6、编译该工程，会在bin\classes\com\filltriangle\android文件夹下生成GL2JNILib.class等文件；

7、打开命令行窗口，将其定位到\bin\classes目录下，输入命令：javah –classpath  D:\ProgramFiles\Android\android-sdk\platforms\android-10\android.jar;(不用忘掉此分号) com.filltriangle.android.GL2JNILib，会在classes文件夹下生成com_filltriangle_android_GL2JNILib.h(说明：*.jar也可以是其它版本)；

8、生成的com_filltriangle_android_GL2JNILib.h文件内容为：

/* DO NOT EDIT THIS FILE - it is machine generated */

#include <jni.h>

/* Header for class com_filltriangle_android_GL2JNILib */


#ifndef _Included_com_filltriangle_android_GL2JNILib

#define _Included_com_filltriangle_android_GL2JNILib

#ifdef __cplusplus

extern "C" {

#endif

/*

 * Class:     com_filltriangle_android_GL2JNILib

 * Method:    init

 * Signature: (II)V

 */

JNIEXPORT void JNICALL Java_com_filltriangle_android_GL2JNILib_init

  (JNIEnv *, jclass, jint, jint);


/*

 * Class:     com_filltriangle_android_GL2JNILib

 * Method:    step

 * Signature: ()V

 */

JNIEXPORT void JNICALL Java_com_filltriangle_android_GL2JNILib_step

  (JNIEnv *, jclass);


#ifdef __cplusplus

}

#endif

#endif

9、选中FillTriangle工程，点击右键-->New-->Folder新建一个jni文件夹，选中jni, -->New-->File,新建2个文件，名称分别为Android.mk和opengles_code.cpp；

10、Android.mk文件内容为：

LOCAL_PATH:= $(call my-dir)


include $(CLEAR_VARS)


LOCAL_MODULE    := libgl2jni

LOCAL_CFLAGS    := -Werror

LOCAL_SRC_FILES := opengles_code.cpp

LOCAL_LDLIBS    := -llog -lGLESv2


include $(BUILD_SHARED_LIBRARY)

11、opengles_code.cpp文件内容为：

/*

 * Copyright (C) 2009 The Android Open Source Project

 *

 * Licensed under the Apache License, Version 2.0 (the "License");

 * you may not use this file except in compliance with the License.

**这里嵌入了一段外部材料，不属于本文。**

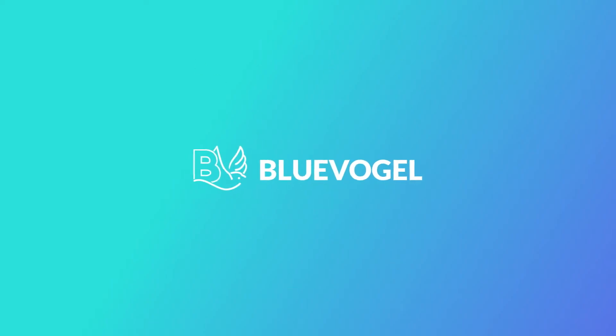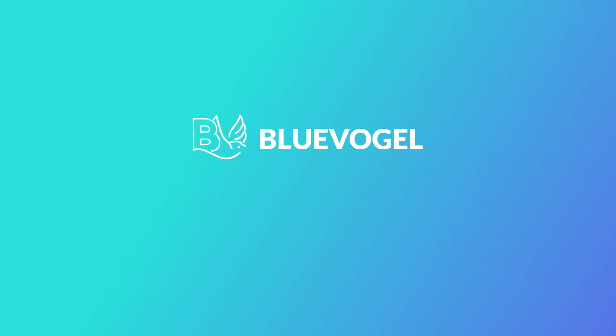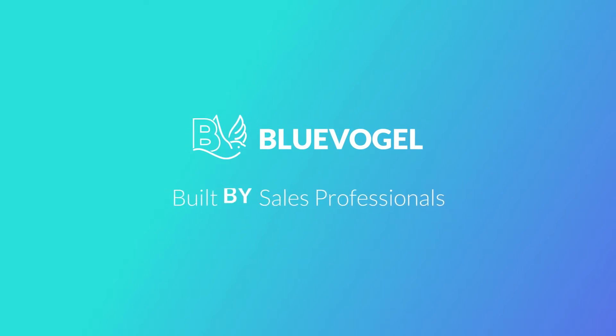And with BlueVogel, you don't have to. BlueVogel is a SaaS solution built for sales professionals by sales professionals that creates personalized emails faster.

 * You may obtain a copy of the License at

 *

 *      http://www.apache.org/licenses/LICENSE-2.0

 *

 * Unless required by applicable law or agreed to in writing, software

 * distributed under the License is distributed on an "AS IS" BASIS,

 * WITHOUT WARRANTIES OR CONDITIONS OF ANY KIND, either express or implied.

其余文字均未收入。